Two days ago, the Canadian Press ran a story about a production company that decided to sue Warner/Chappell over the use of “Happy Birthday” in a documentary they were filming. For those who aren’t in the know, Warner/Chappell owns the copyrights to the song.
The production company paid Warner/Chappell $1,500 for a licensing fee as well as sign an agreement to use the song in a scene or face a penalty of $150,000.
Most of us have grown up hearing countless renditions of “Happy Birthday” at birthday parties and in restaurants and other public locations where someone is lucky enough to be celebrating another successful spin around the sun. In restaurants, singing “Happy Birthday” is covered by a performing rights license (if they have one) or sung surreptitiously in the hopes that a notice of copyright infringement won’t be served on management or the restaurant’s owners. In parks, “Happy Birthday” singers are taking greater risks of being caught and served with a notice (after all, aren’t gifts some sort of financial compensation as a result of the singing of “Happy Birthday?”).

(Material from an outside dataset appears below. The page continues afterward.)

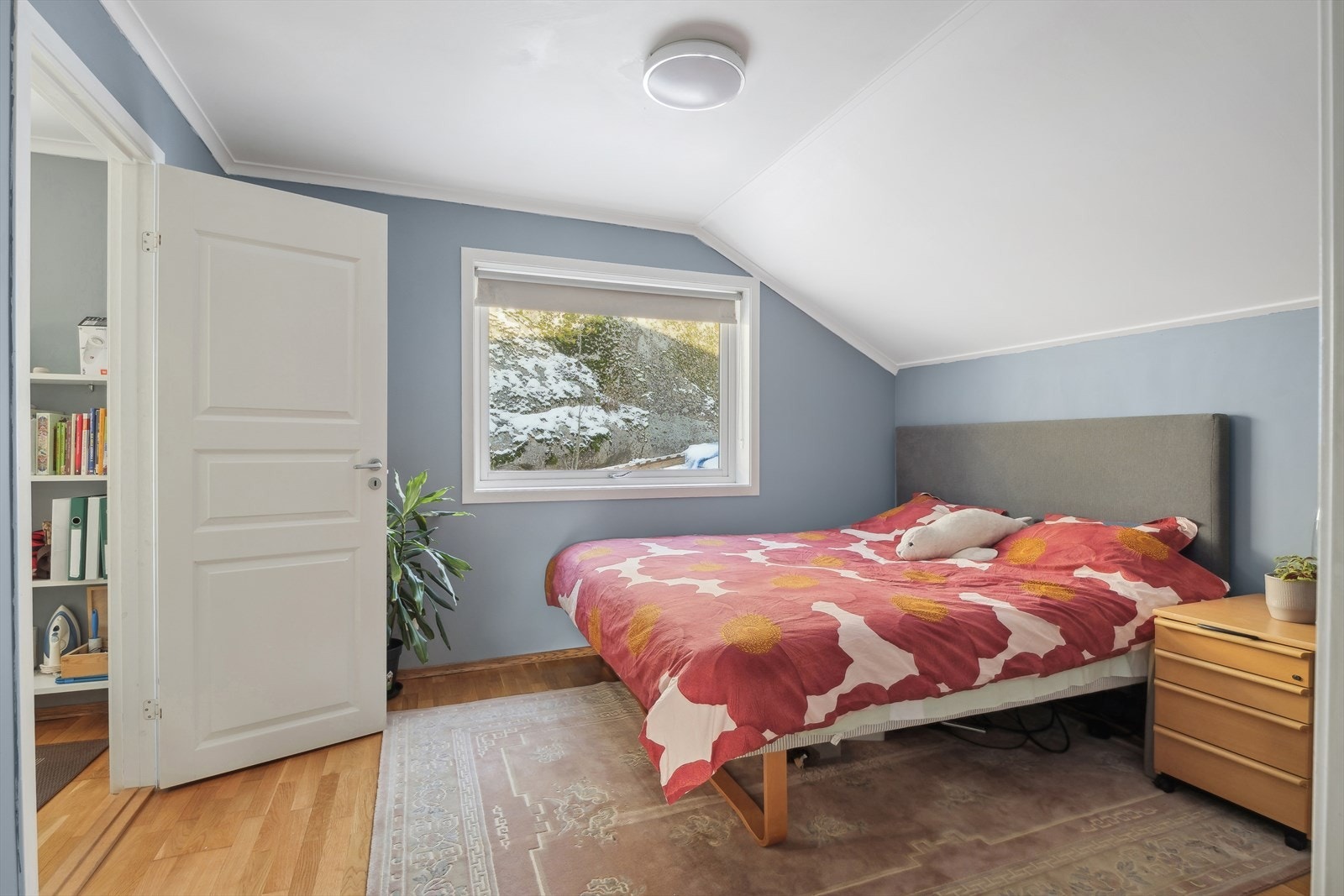 Soverom 1 har tilknyting til soverom 2 Galleribilde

Now, it’s one thing to have to pay a licensing fee (which is the fair thing to do when you use someone’s copyrighted material), but to have to sign an agreement to use the song or else risk being forced to pay 100 times the original licensing fee strikes me as adversarial.

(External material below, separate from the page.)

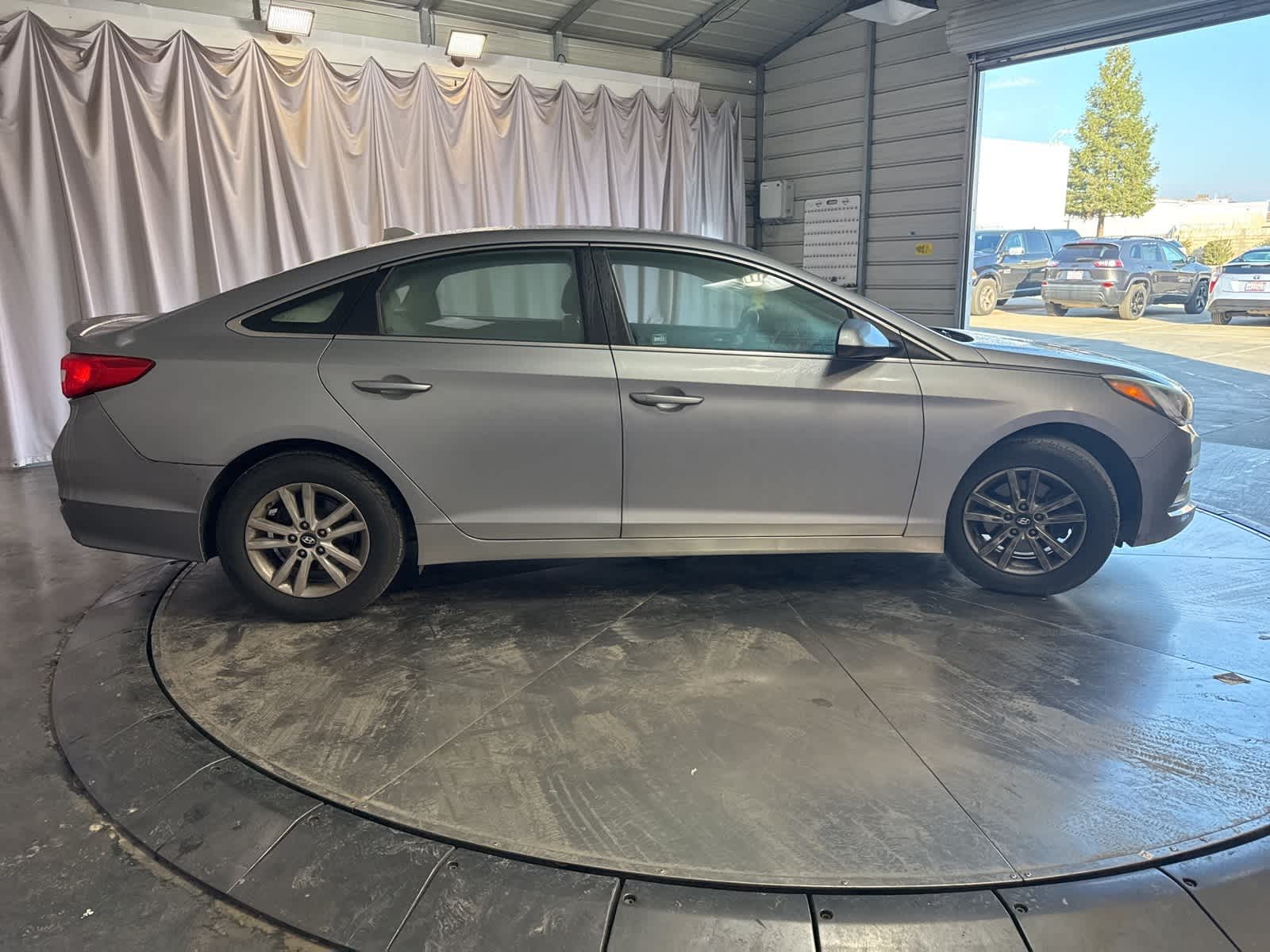 Thumbnail: 2015 Hyundai Sonata - 3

Here’s how I see it, in catering terms (if I ran a catering business).
If John Doe hires me to cater a special event and pays me $1,500 in advance, the date is booked and the money is deposited to the bank.
If John Doe subsequently cancels his special event and doesn’t ask for a refund of the $1,500 (either partial or in full), then I’ve been the lucky recipient of a $1,500 donation to the success of my business.
That’s pretty straight forward if you ask me.
Now, let’s say I also had John Doe sign an agreement that stated he would have to pay a penalty of 100 times the contracted amount if he didn’t use my company to cater that affair, regardless of the reason for canceling. Most reasonable people would say that reasonable person would refuse to sign such an agreement and they’d throw open the yellow pages in search of a new caterer. And you know what? They’d be right for doing just that!
So how is it that Warner/Chappell can get away with this?
Let’s take a look at the copyright issue.
Once upon a time there were two sisters from Kentucky named Mildred and Patty. Mildred grew up to be a musical scholar of note and Patty became an influential educator who developed a method of teaching that was used in schools across America.
One fine day back in 1893, Mildred came up with the melody for the song that was originally known as “Good Morning To All.” That same year, it was published in a songbook entitled, “Song Stories For The Kindergarten.”
Somewhere along the line, someone added a second verse to the sisters’ song, and when Robert H. Coleman published a songbook that included the song, right there with the original first verse was the “Happy Birthday” verse! Well, one thing led to another, and before long, all sorts of Broadway musicals and businesses (Western Union being the first to use it as part of their singing telegrams in 1933) started using the song without paying the Hill sisters any money, and so a court case in 1934 became the final say on the matter. Copyright was secured on behalf of the Hill sisters.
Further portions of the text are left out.